I'm not going to give more of the story away because the second half of the book explains the first and was really, for me, the very best part.  Nothing I like better than seeing characters mature, evolve, cope and manage to reach the dawn.  There was no rushing this romance, no magic healing moment, not even a promise that incredible sex solves everything.

I am going to say telling the story in reverse worked for me.  Mingling the getting to know each other on a deeper level with what brought Hunt and Mandy to this point without that Info Dump of Evahl was a perfect dance of staying in the moment while experiencing the past.  Humor was both alleviating and amusing.  Dialog was tight, rugged and more rapid than semi-auto fire and at times, harder to bear because you can hear the things unsaid that left wounds that won’t heal only scar over and ache when it rains.
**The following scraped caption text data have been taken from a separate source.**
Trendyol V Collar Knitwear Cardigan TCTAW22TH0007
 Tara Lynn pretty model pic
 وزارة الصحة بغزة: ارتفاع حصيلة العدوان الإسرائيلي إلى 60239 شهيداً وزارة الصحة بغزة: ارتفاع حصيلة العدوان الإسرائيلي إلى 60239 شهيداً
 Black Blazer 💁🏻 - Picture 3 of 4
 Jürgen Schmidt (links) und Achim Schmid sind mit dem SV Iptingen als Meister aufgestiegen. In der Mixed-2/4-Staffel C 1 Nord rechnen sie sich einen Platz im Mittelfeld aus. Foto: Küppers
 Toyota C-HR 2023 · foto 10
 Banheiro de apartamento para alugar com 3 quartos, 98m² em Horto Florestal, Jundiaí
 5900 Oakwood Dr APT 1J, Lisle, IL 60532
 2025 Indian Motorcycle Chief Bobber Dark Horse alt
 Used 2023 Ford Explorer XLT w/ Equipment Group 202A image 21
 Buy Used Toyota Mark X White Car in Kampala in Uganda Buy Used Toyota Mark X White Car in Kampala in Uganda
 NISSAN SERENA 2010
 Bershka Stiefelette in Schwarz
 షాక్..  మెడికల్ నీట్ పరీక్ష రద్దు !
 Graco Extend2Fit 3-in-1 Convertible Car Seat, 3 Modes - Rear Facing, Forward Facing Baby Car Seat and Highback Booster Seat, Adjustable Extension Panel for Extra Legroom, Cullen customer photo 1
The role reversal also worked.  How many heroes have we read angst-ing over their secret pasts and the things they had to do to get the job done, how they feel unworthy, unlovable, inconsolable?  A woman’s perspective that didn’t circle the drain of despair was so unique.  She never doubted she was doing the best she could and when reality shot her in the back - she was aaall over it without ever slipping into the cliche.  [and yes, ok, it was wonderfully sort of, uh, excuse me … “Take That, Boys!”  Sorry, I couldn’t help myself…. We now return you to your regular review]

The missing almost year was never exposed for our puerile edification, allowing Hunt and Mandy their dignity without losing our empathy.  I can imagine what that year was like and was grateful it remained behind closed doors.  Mandy deserved that consideration and Hunt understood her well enough to allow her to space out the revelations at her own pace.  It's why I believed they'd have a HEA that lasted beyond the glow of post coital bliss.

Hunter's Find is a rare pleasure among the dross of action/ adventure romance.  June Kramin is a master of her craft. I'm grateful to have been given the chance to read and review this book.  If you're looking for a story that is more than a Burn Notice wannabe ... this is definitely a read for you.